Chef Jeremy Charles of Raymond’s has been named the Best Chef in St. John’s by The Scope newspaper in its annual Best of Food and Drink. In fact, Raymond’s picked up 9 Best of … categories this year.
The Scope, the only newspaper that matters if your life, art, culture, work or pleasures revolve around downtown St. John’s, says its all about elevating the dining experience and there is an emerging food and wine culture in St. John’s. One of the other categories it won was, Best Place You’ve Yet to Try.
Since Raymond’s has opened it has received a lot of local and national attention. Enroute magazine named it the Best New Restaurant in 2011. “Charles’ food is fresh, bright and ultimately thoughtful.”
We shot this photo of Jeremy for Canadian Business magazine’s special section on business travel last month.
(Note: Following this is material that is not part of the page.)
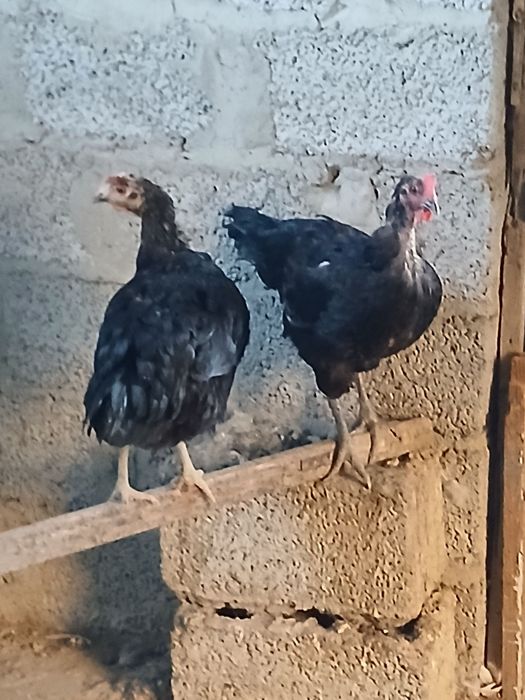 Xo'roz va tovuqlar sotiladi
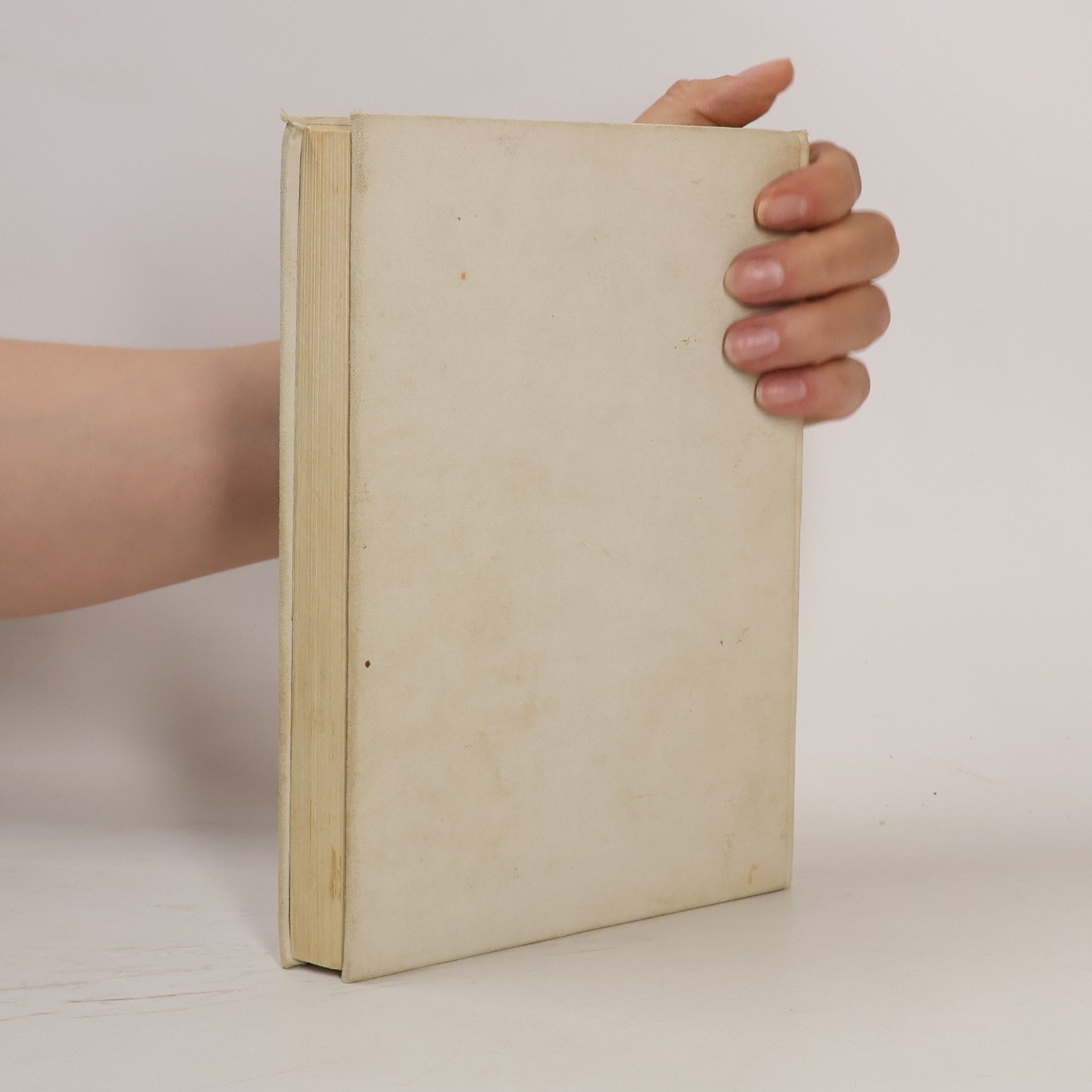 Mark Twain Princ a bedár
Here is what they had to say;
“How to impress your clients: Housed in a beautifully restored former bank, the dining room at Raymond’s, with its sparkling chandeliers, is every bit as impressive as the food. Start with East Coast oysters, as fresh and briny as they come. Move on to the local lamb. It’s raised on an island, and its diet of salty grass and seaweed imbues the meat with a profound savouriness. Impress clients by ordering the seven-course tasting menu, and let sommelier Jeremy Bonita match each course with wine. ”
The thing that captures my imagination is how they source food locally. They make the effort to get the freshest of Newfoundland fish, meat and vegetables which, literally, adds the local flavour.
…and the dining room makes a friggin ‘awesome studio!!
PHOTO TECH: usual 2-Speedlight setup balanced with the window light.